How to complete this task
Repeat exactly the lines of the records below, starting at the line containing "New 2026 GMC" and ending at the line containing "3 Night 5* London". Leave the pictures out.

Records provided
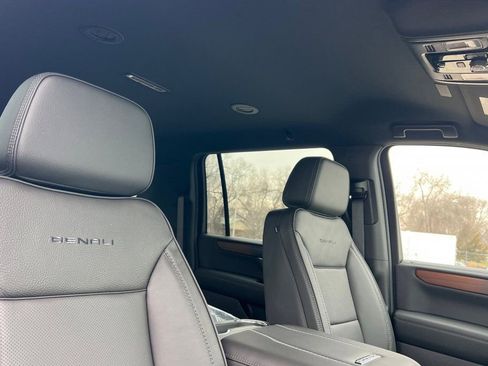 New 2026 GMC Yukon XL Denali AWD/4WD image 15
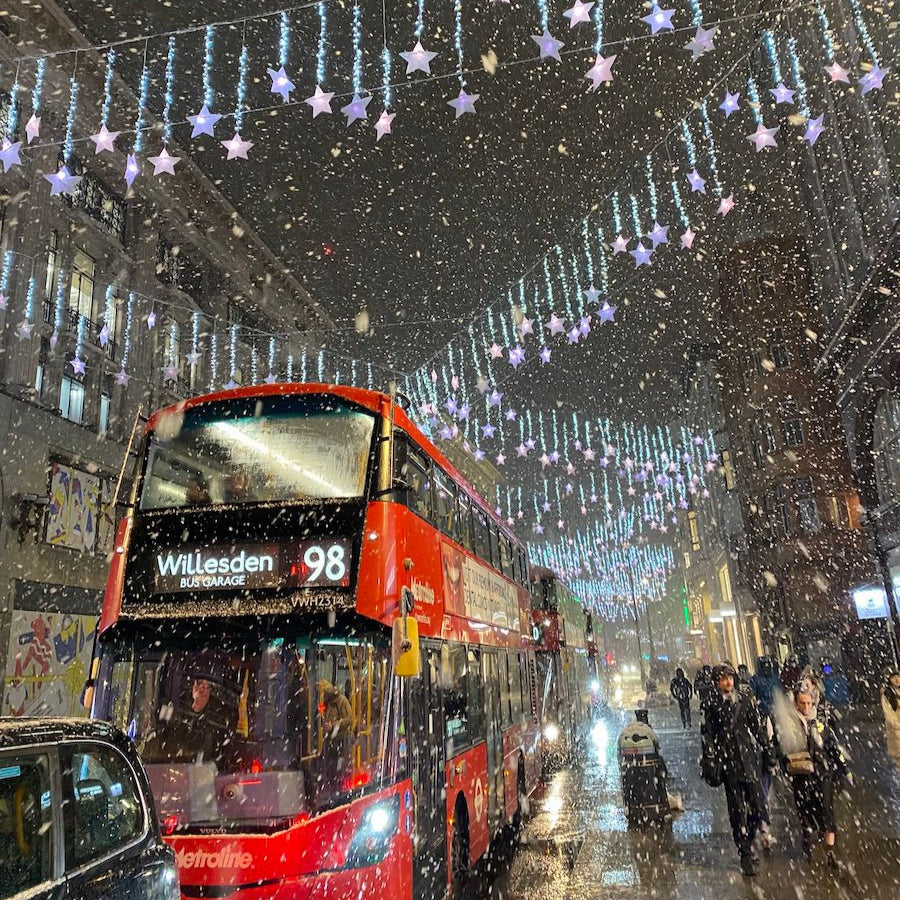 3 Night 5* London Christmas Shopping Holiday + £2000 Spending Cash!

* * *

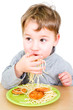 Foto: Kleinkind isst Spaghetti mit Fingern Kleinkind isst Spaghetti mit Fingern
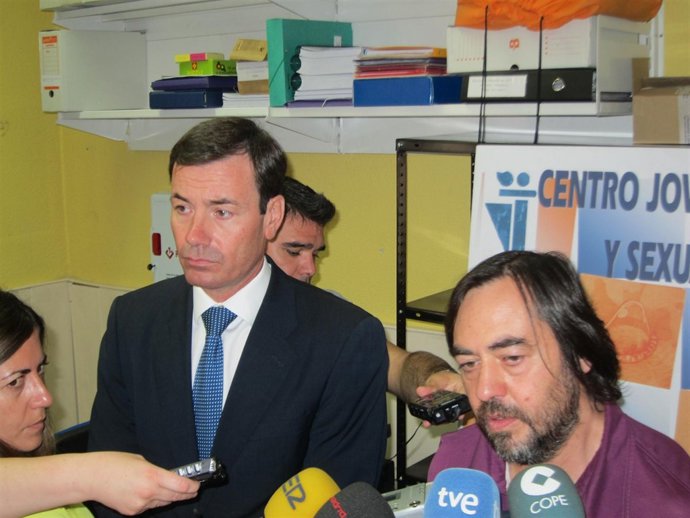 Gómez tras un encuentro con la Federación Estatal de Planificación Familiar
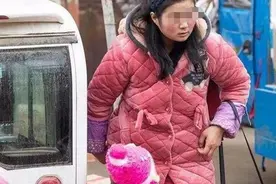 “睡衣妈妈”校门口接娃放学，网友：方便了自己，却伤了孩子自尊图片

--

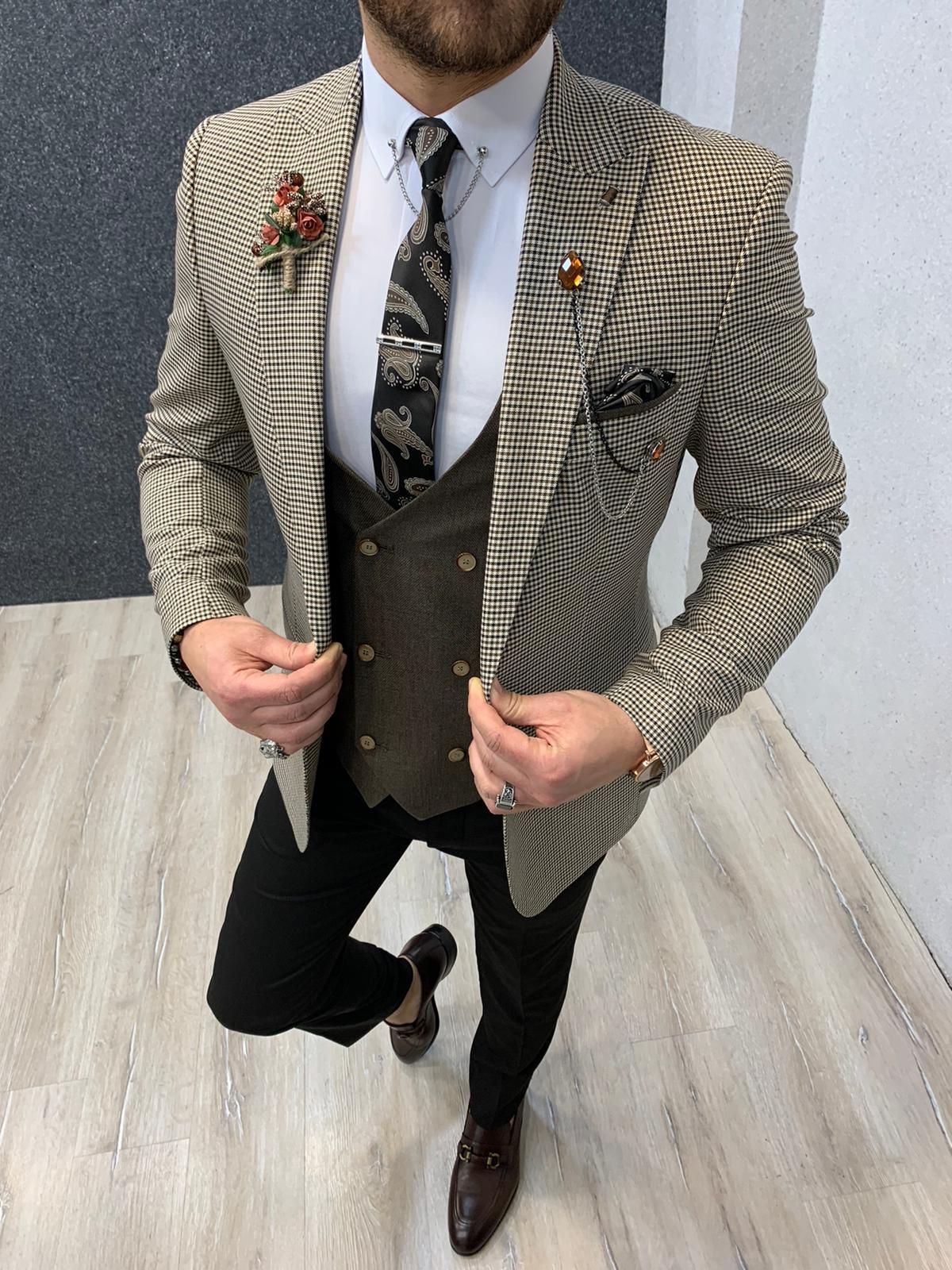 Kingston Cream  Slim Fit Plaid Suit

Output for this exercise
 New 2026 GMC Yukon XL Denali AWD/4WD image 15
 3 Night 5* London Christmas Shopping Holiday + £2000 Spending Cash!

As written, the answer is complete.